Früher, berichtet der portugiesische Hirte Fernando Moura, seien Hunderte von Ziegenherden im ländlichen Portugal unterwegs gewesen und sorgten für eine natürliche Stutzung der Vegetation. Doch mit der Landflucht der Menschen und dem Niedergang der Landwirtschaft sei das bergige Hinterland zunehmend sich selbst überlassen worden. Verwilderte Wälder und hochgewachsene Buschlandschaften begünstigten in Portugal immer wieder eine rasend schnelle Ausbreitung der Waldbrände.

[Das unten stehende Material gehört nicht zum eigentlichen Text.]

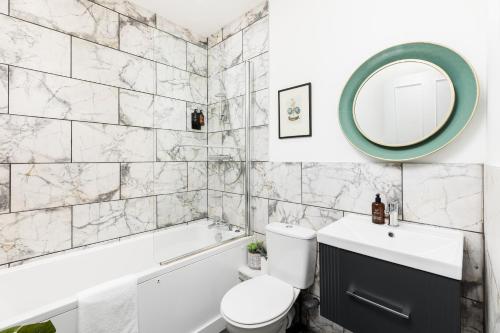 a bathroom with a sink toilet and a mirror at Judges Lodgings Boutique Hotel Apartments in Gloucester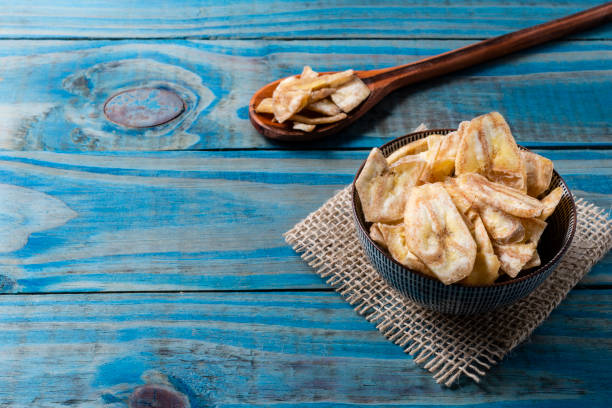 istock Banana chips inside ceramic pot over blue pine wood 1135797994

Nur einer von vielen Schritten
Fernando Mouras treibt seine Herde täglich im Auftrag der Regierung durch den bis zu 2000 Meter hohen Gebirgszug Serra da Estrela. Ein Nationalpark, der etwa 100 Kilometer östlich der berühmten Universitätsstadt Coimbra liegt und in dem 2017 ein schwerer Brand wütete. Rund 120 Euro bekommt Moura vom Staat für jeden von seinen Tieren abgegrasten Hektar. Ein kleines Zubrot für den Hirten, der hauptsächlich vom Verkauf von Ziegenmilch, Käse und Fleisch lebt.
Der Ziegeneinsatz in besonders gefährdeten Gebieten sei nur einer von vielen notwendigen Schritten, um neue Feuerkatastrophen zu verhindern, sagt Tiago Oliveira, Chef der staatlichen Anti-WaldbrandKommission. Weitere Maßnahmen, wie etwa eine bessere Bewirtschaftung der Wälder, müssten folgen.